Savory Seaweed Seasoning
Sometimes the most important part of a recipe can be the last 1%. If you’ve ever tasted a dish and thought: It’s just missing something, then you know what I mean. A little sprinkle of salt or dash of something can make all the difference.
I’ve been casually working on this seasoning mix for a few weeks now and while it looks simple enough (and it is), it also brings some intense flavor to whatever you put it on. It’s packed with savory umami flavors and just enough spice and salt to make dishes really pop.
It’s dumb easy to make, but once you give it a shot, you’ll find yourself sprinkling it on everything from popcorn to that grilled steak.
It’s like magic flavor dust.
1) Crunch up seaweed sheets so they fit in the spice grinder. Pulse a few times until in small pieces.
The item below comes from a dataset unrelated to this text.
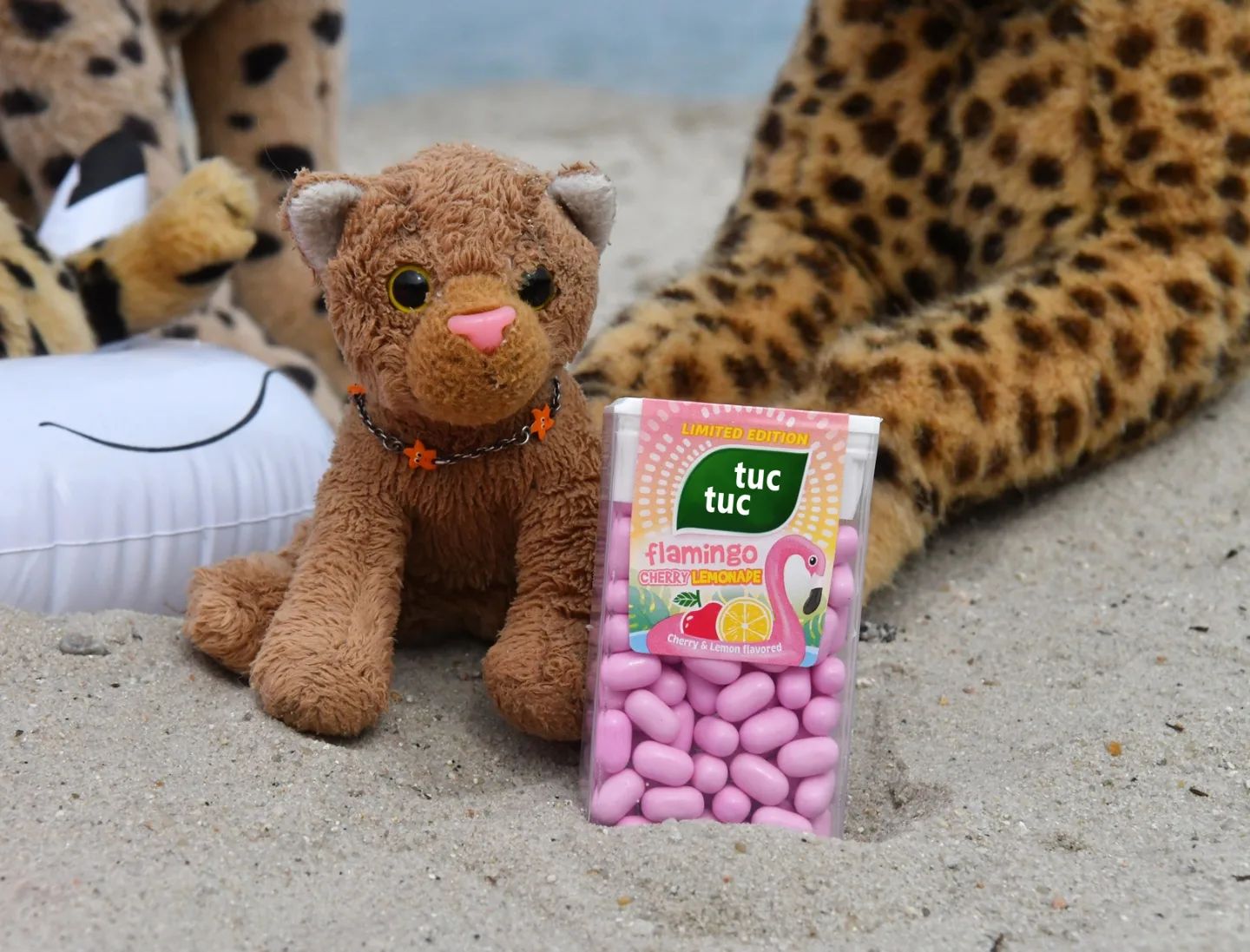 Tuc Tuc #Flamingo  #Briesensee  #Sea  #Beach  #Strand  #Sun  #Ausflug  #JubaOnTour  #PlushiesOfInstagram  #PlushiesOfGermany  #Plushie  #Kuscheltier  #plushies  #plushiecommunity  #instaplushies  #stuffies  #stuffiesofinstagram  #plushielife  #plushieadventures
2) Add wasabi peas and salt to the grinder and pulse until it’s in a coarse seasoning mix.
3) Use a fork to pick out any large bits of unground wasabi pea.
Store seasoning mix in an airtight container. Use liberally as a finishing seasoning on foods that need a savory/salty kick.
Savory Seaweed Seasoning
Most people are probably used to seeing seaweed only in sushi form, but you can find these sheets now at almost any grocery store. Make sure you buy the roasted sheets. They should be thin and somewhat crispy.
Also, don’t use the seaweed chips that are available these days. Those are good, but also have oil and stuff on them which can make the seasoning mix clump together.
If you just ground up seaweed and tasted it (I did), it is intensely savory. It’s like sticking a dried mushroom in your mouth. It’s too much of one thing.
But we can add few things to it to make it more rounded.
First, wasabi peas! These might sound weird but they totally work in this. For starters, they add a little spice, but possibly more importantly, they give the seasoning mix some bulk because the peas themselves are fairly bulky and flavorless.
This works to spread out the savory flavor a bit.
Grinding the Seasoning
I tried to grind this one time in a mortar and pestle and it’s a lot of work to get everything into a fine texture. A cheap little spice grinder makes quick work of it though.
You’ll have to crumble the seaweed sheets with your hands and then just shove them in the grinder.
Pulse the sheets a bit to break them up and then add the peas and salt. As these start to grind, the will help grind the seaweed even finer because of the extra texture.
When the mix is mostly ground, transfer it to a storage container. I recommend using a fork to strain out any large pieces of wasabi peas that didn’t pulse completely so you are left with a nice, fine spice mix.
Savory Seaweed Seasoning Uses
You can and should sprinkle this stuff on anything that needs a savory kick, but don’t cook the seasoning. It loses some of its punch if you cook it, so use it as a finishing spice.
A few use options:
– Popcorn! Buttered popcorn!
– Grilled steak sliced thin.
– Any sort of Asian noodle bowl or soup.
– Any tofu dish.
– Kick up bland salads.
– Eat it with a spoon (okay maybe not).